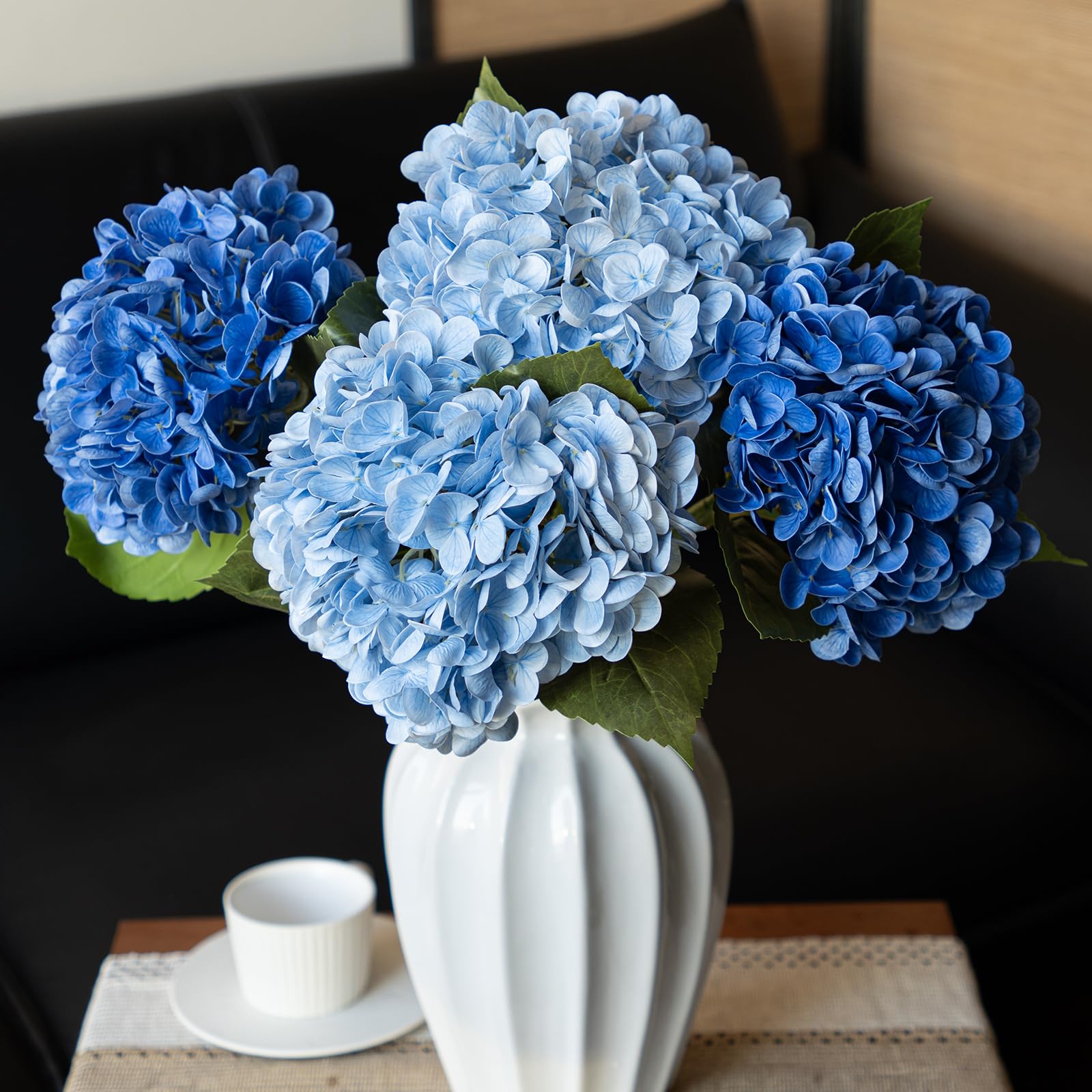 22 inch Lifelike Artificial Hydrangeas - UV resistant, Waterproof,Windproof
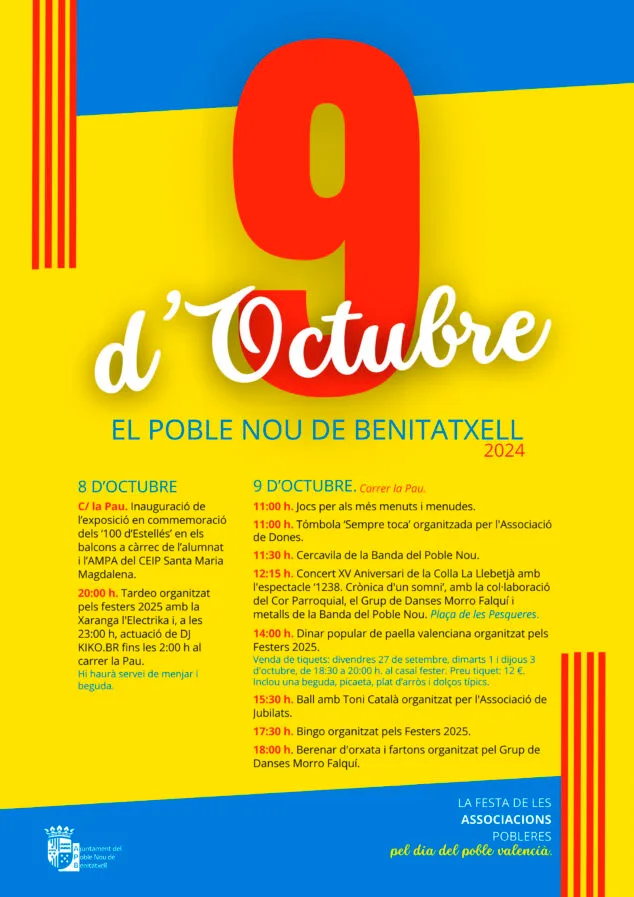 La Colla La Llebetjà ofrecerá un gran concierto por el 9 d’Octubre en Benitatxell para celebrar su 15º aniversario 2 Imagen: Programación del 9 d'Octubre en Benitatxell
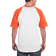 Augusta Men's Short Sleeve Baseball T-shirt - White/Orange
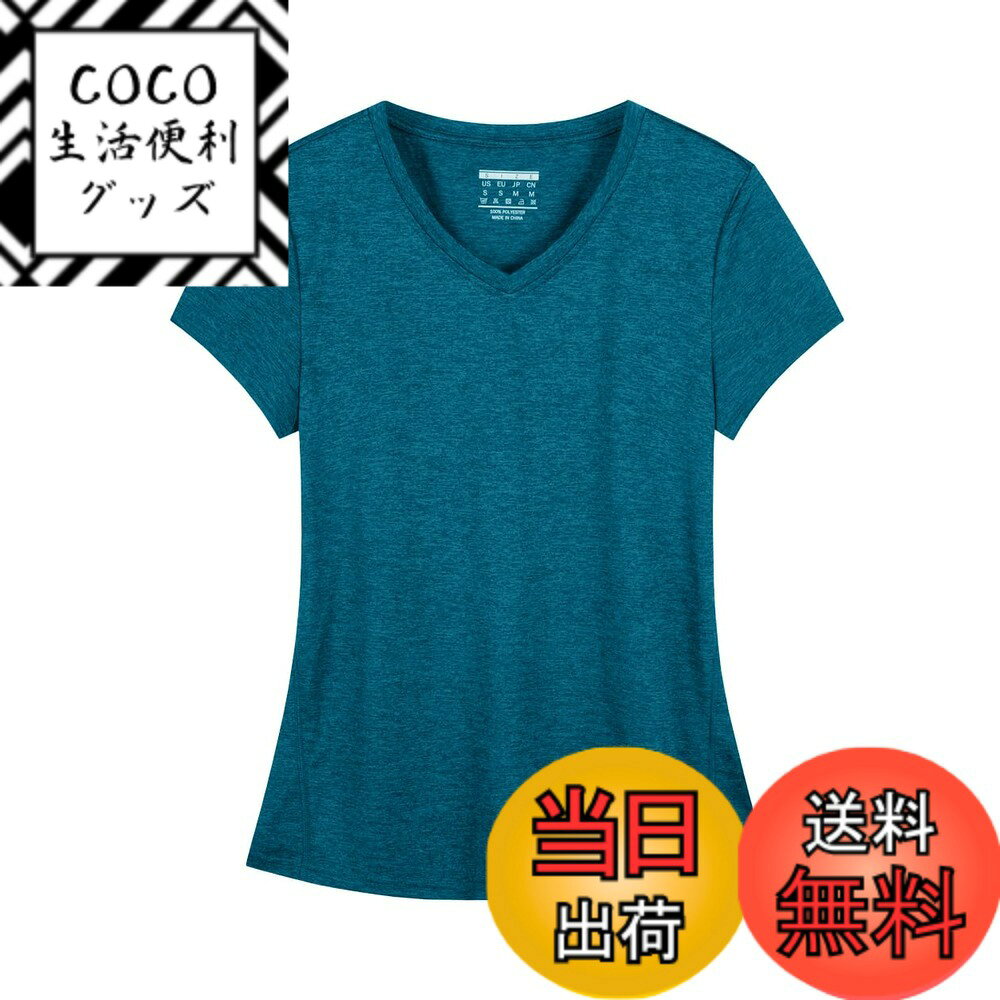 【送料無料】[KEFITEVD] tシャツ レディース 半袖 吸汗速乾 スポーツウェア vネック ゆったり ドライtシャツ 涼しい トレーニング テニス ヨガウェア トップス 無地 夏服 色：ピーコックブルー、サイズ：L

• • • •

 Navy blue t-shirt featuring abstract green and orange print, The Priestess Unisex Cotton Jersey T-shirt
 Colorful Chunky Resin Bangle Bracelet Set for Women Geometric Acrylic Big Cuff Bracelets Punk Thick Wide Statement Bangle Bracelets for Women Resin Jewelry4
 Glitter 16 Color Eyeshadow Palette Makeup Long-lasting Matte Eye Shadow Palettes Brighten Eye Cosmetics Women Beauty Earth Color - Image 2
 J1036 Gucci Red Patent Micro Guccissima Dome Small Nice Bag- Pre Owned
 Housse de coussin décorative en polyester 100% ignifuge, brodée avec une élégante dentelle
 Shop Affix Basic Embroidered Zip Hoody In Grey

• • • •

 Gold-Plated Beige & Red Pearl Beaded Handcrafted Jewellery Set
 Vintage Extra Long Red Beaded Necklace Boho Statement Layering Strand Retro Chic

• • • •

Show every line above in which the word "Statement" appears.

_TASK ANSWER_
 Colorful Chunky Resin Bangle Bracelet Set for Women Geometric Acrylic Big Cuff Bracelets Punk Thick Wide Statement Bangle Bracelets for Women Resin Jewelry4
 Vintage Extra Long Red Beaded Necklace Boho Statement Layering Strand Retro Chic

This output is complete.